Problem: Set down the data below word for word, and leave the images aside.

Given data:
--
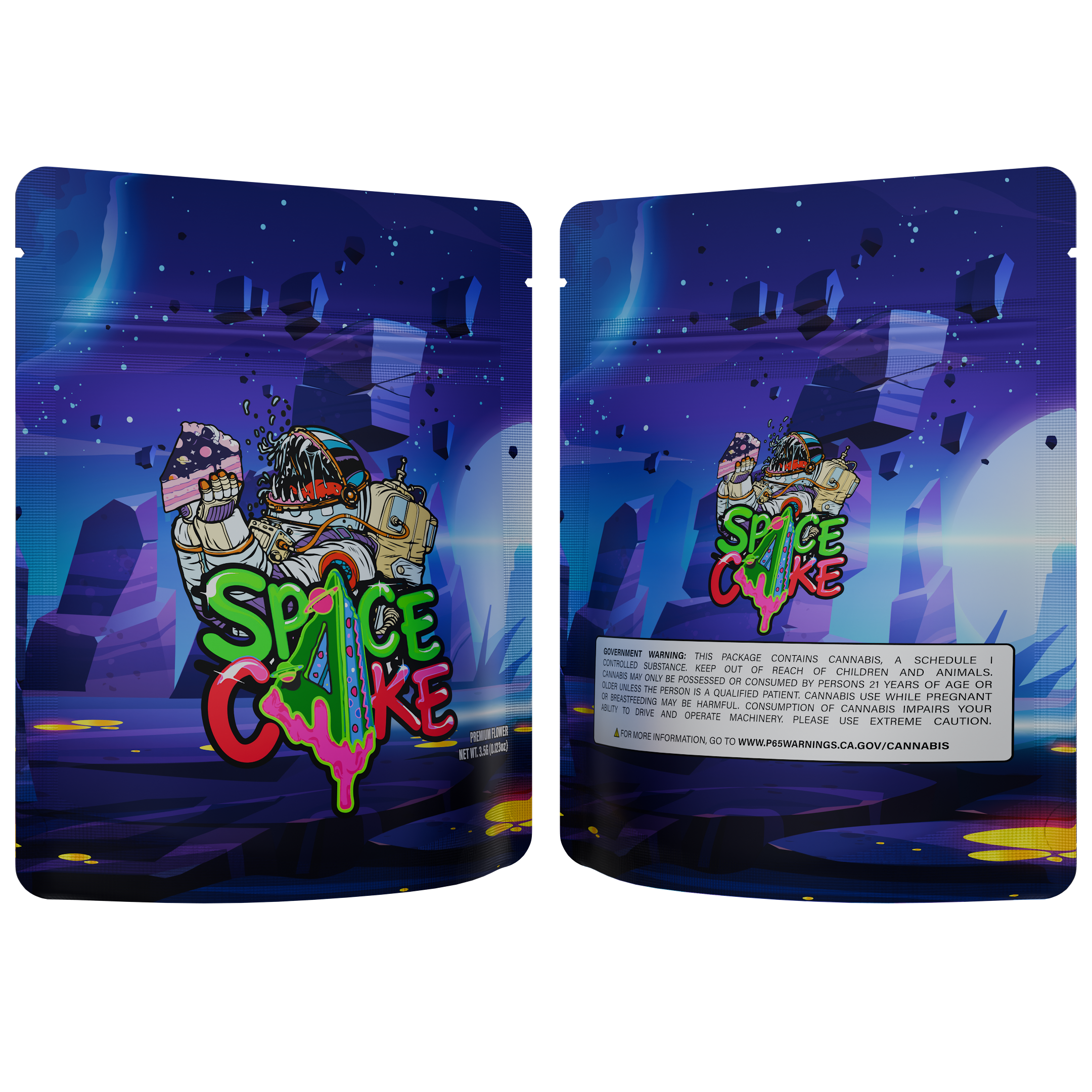 1/8th 3.5g Ounce Space Cake Designer Custom Printed Mylar Bags (100 qty.)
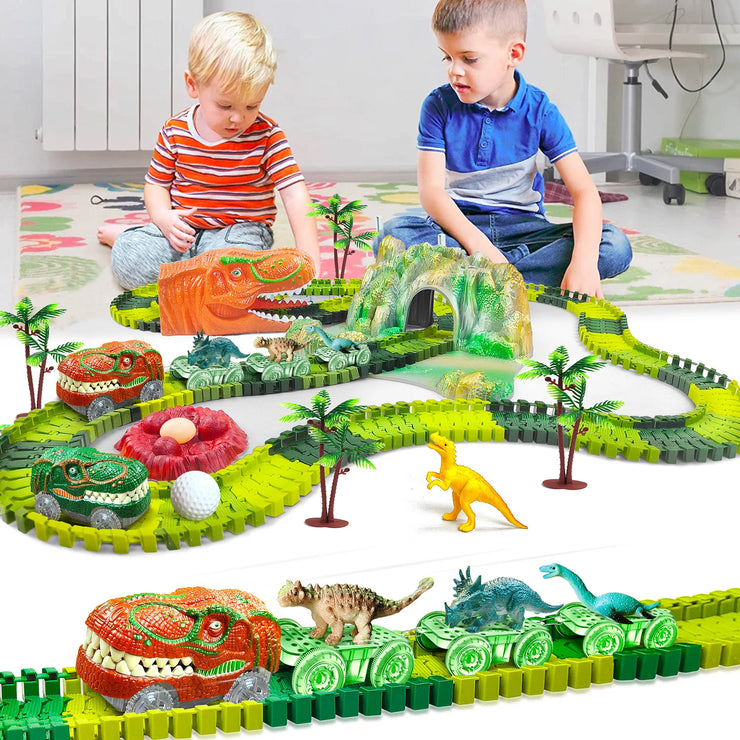 Dinosaur World Road Race Track Set – Flexible Track with Dinosaur Toys and Racing Car for Kids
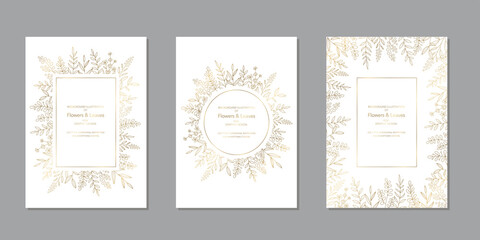 花のデザインフレームのセット　線画のイラスト　白の背景にゴールド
--
Output of the exercise:
 1/8th 3.5g Ounce Space Cake Designer Custom Printed Mylar Bags (100 qty.)
 Dinosaur World Road Race Track Set – Flexible Track with Dinosaur Toys and Racing Car for Kids
 花のデザインフレームのセット　線画のイラスト　白の背景にゴールド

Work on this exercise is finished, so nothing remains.